Hojas amarillas.

Marta tachaba los días en su calendario. Sentada en su oficina, se concentraba en el trabajo, porque era la única forma que conocía para que las horas se le pasasen rápido.
Sobre su escritorio un cubilete con lápices, un marco con la foto de de una niña que venía con el marco, tres carpetas sin color ni alma, un viejo teléfono que cuando la llamaban sonaba como un lamento y un antiguo ordenador de sobremesa con su antiguo monitor. El reloj de la pared marcaba las seis y todos sus compañeros salían de sus cubiles y corrían hacia la puerta. Ella, se esperaba sentada un rato sin apartar la mirada del monitor apagado, después tachaba el día en el calendario y cerraba lentamente la puerta. Siempre tres vueltas a la llave y dos pisos por las escaleras hasta encontrarse con la calle y de ahí a casa.

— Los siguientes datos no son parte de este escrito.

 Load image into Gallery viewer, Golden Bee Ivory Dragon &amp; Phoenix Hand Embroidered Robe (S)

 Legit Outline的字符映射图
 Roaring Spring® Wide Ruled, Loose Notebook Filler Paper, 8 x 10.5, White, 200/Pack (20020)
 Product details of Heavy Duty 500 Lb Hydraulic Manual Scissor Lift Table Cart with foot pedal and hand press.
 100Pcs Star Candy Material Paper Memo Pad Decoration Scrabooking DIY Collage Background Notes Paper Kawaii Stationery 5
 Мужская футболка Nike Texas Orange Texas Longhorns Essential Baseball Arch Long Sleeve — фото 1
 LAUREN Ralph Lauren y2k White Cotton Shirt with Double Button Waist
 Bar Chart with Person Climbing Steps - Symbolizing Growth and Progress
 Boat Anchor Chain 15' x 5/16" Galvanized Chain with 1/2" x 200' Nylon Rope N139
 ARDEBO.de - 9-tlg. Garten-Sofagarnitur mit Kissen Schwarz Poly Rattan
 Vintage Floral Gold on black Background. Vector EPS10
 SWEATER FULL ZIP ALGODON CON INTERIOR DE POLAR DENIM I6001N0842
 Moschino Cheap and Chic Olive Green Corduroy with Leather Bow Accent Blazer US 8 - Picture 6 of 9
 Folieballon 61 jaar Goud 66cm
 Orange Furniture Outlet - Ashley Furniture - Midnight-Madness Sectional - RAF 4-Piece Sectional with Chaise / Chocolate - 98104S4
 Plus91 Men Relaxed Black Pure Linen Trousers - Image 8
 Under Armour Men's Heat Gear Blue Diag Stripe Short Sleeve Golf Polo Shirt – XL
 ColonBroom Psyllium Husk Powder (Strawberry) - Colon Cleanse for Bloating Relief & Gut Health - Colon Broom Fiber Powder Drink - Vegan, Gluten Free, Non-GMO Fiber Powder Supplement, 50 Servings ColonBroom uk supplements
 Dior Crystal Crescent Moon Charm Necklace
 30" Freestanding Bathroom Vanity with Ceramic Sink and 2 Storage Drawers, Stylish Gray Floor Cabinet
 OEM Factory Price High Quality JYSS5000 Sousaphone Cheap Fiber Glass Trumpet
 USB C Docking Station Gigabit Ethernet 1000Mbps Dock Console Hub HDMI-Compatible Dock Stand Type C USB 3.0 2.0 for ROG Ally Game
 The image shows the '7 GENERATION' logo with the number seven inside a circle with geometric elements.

Y al día siguiente, otro día más, pero este tuvo algo distinto. A media mañana el teléfono sonó distinto a otros días, de tal manera que no se atrevió a cogerlo pero, que otra opción tenía? Y del otro lado del teléfono le llego un suave calor y las palabras de un hombre que preguntaba por ella, dos minutos de conversación y una sonrisa, un minuto más y colgó. Ese día no tacho el calendario, así, a lo mejor, se volvería a repetir.